Copy, without a single change, each line from the one that holds "Vintage Granny Square" to the bottom of the entries below, and drop any pictures.

[Scraped caption text data]
·····
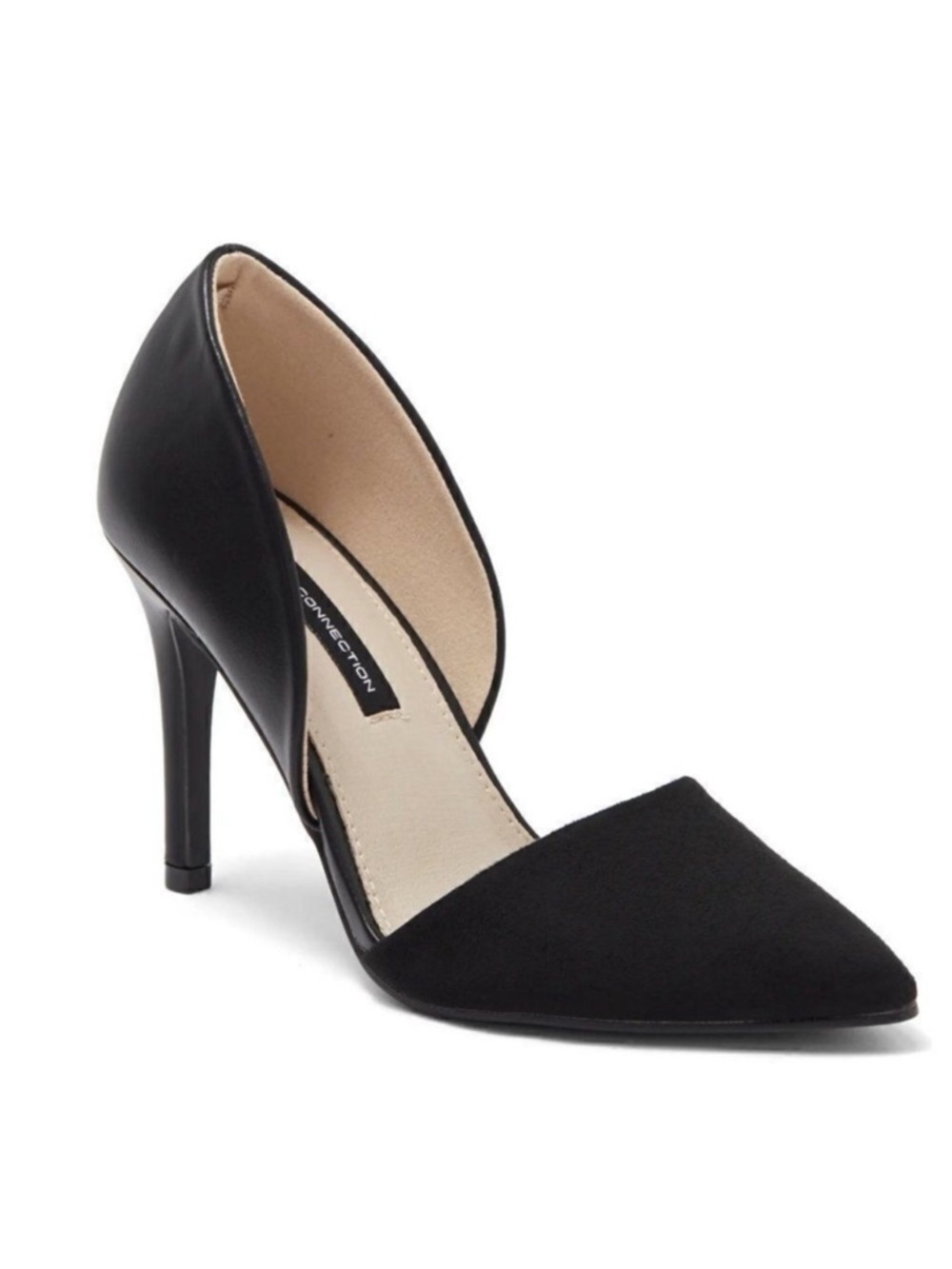 French Connection Black D'Orsay Leather Suede Pointed-Toe Stiletto Heels NIB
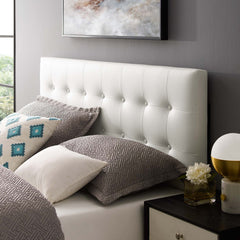 Emily White Upholstered Vinyl King Headboard - Ornate Home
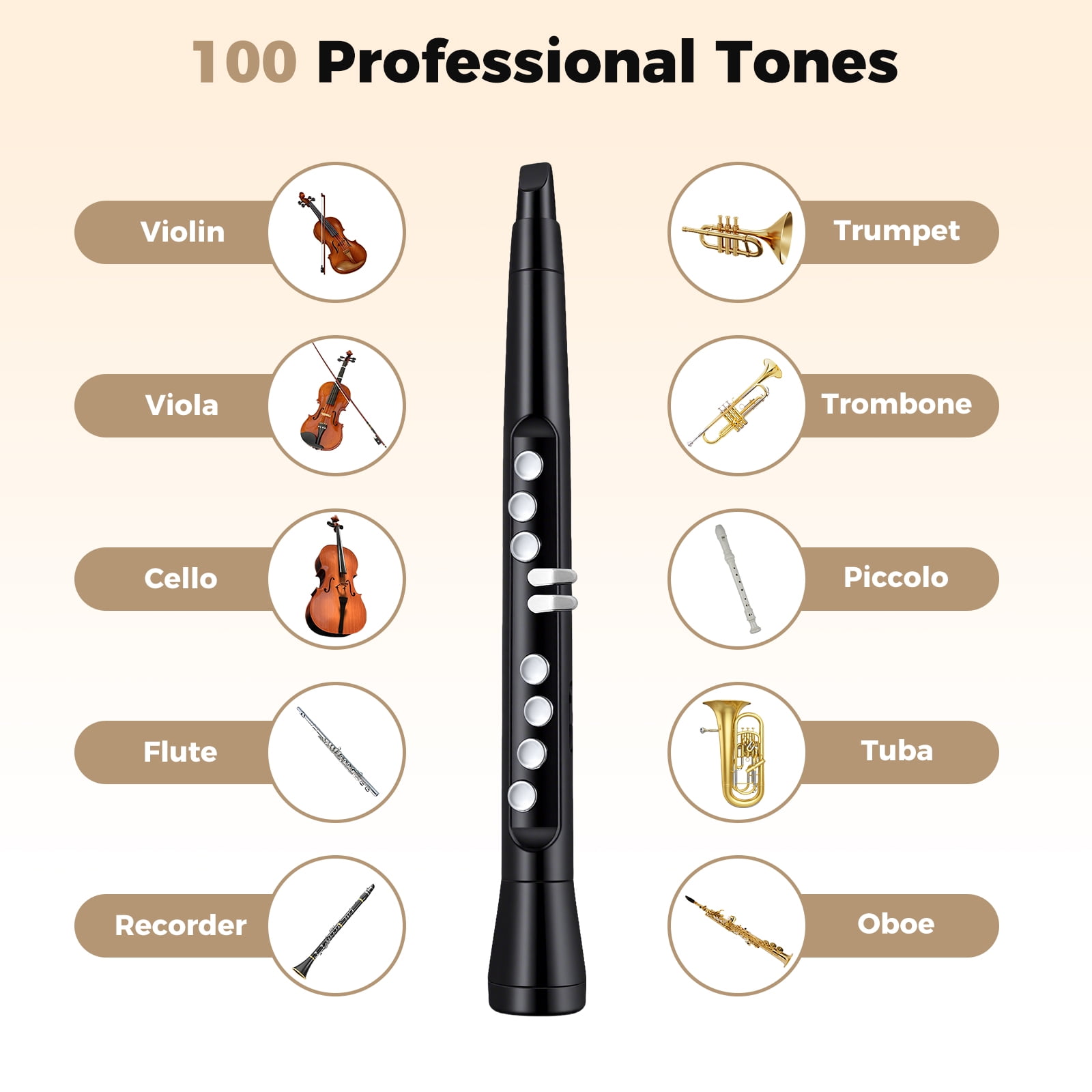 Costway Electronic Saxophone with Wireless MIDI 4-Octave Range & 2 Fingerings with HIFI Speaker
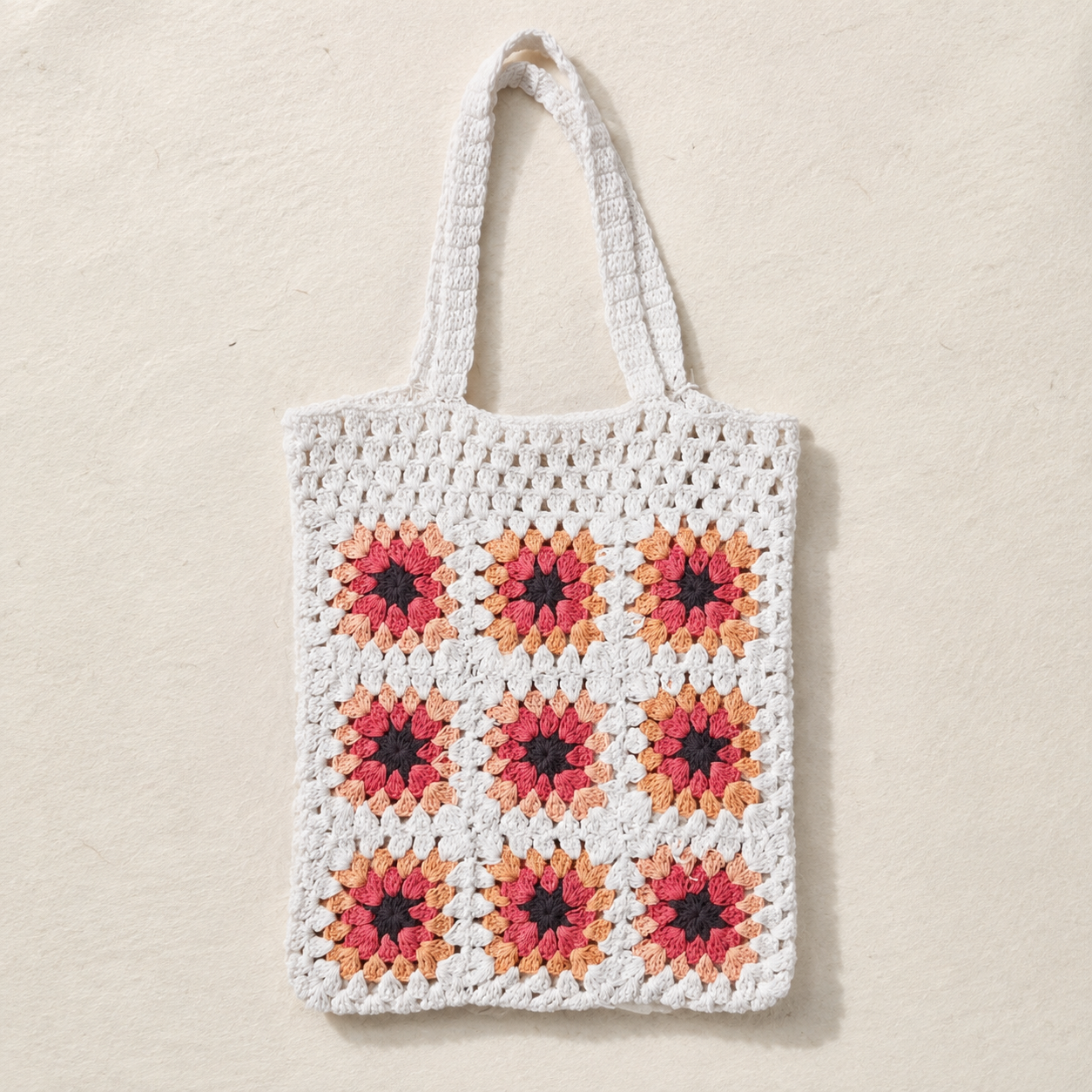 Vintage Granny Square Crochet Tote Bag - Cream Pink - model shot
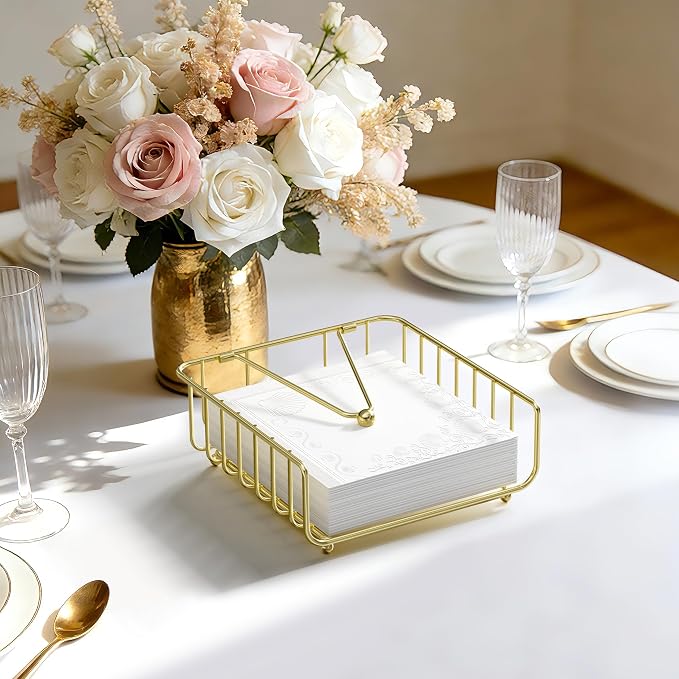 Napkin Holder for Table with Weighted Arm, Dinner Metal Flat Napkin Holders for Paper Napkins, Outdoor Napkin Dispenser Restaurant (Gold)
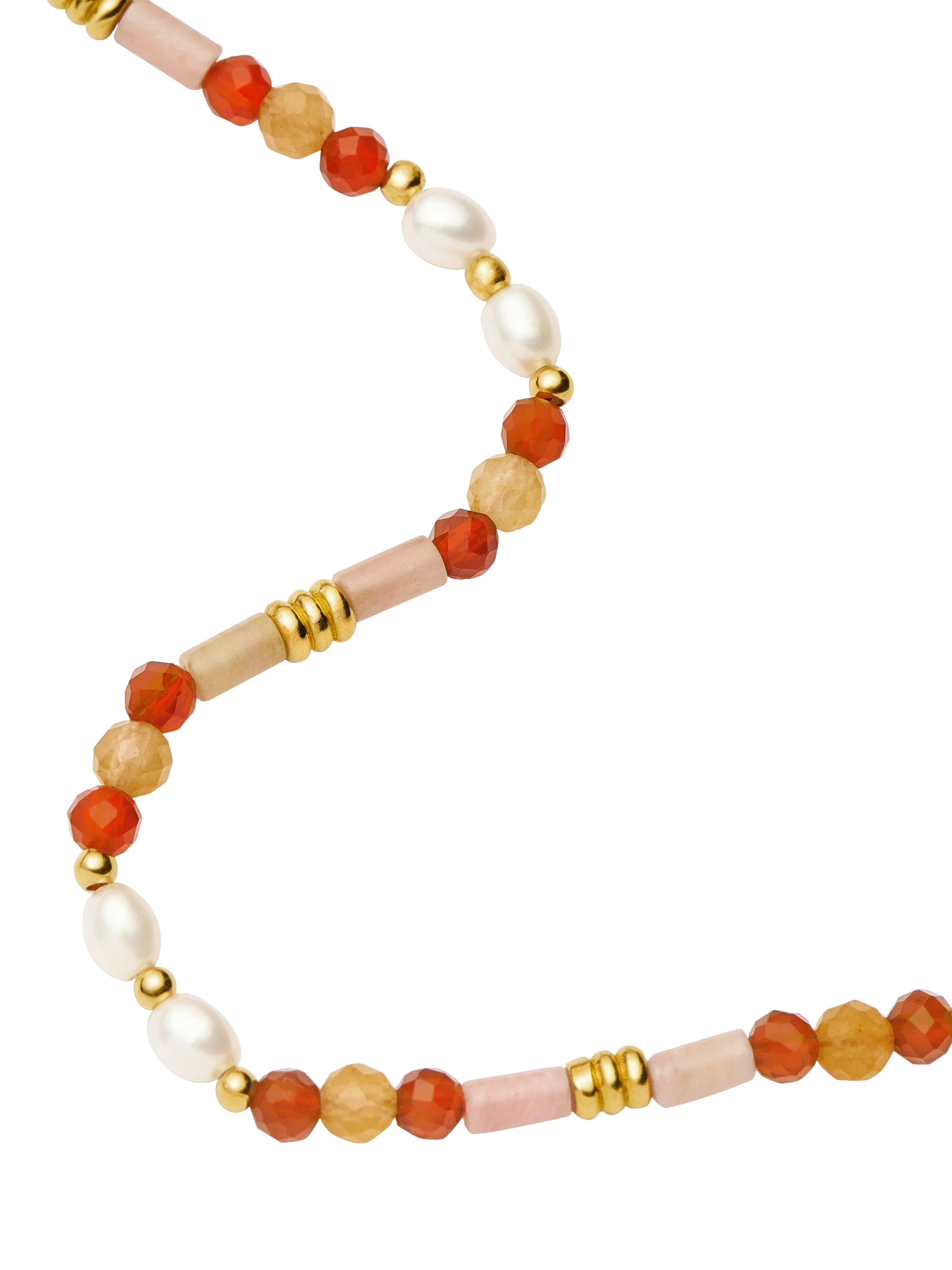 Missoma beaded gemstone necklace gold orange 45cm (British brand)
·····
**WRITTEN ANSWER:**
 Vintage Granny Square Crochet Tote Bag - Cream Pink - model shot
 Napkin Holder for Table with Weighted Arm, Dinner Metal Flat Napkin Holders for Paper Napkins, Outdoor Napkin Dispenser Restaurant (Gold)
 Missoma beaded gemstone necklace gold orange 45cm (British brand)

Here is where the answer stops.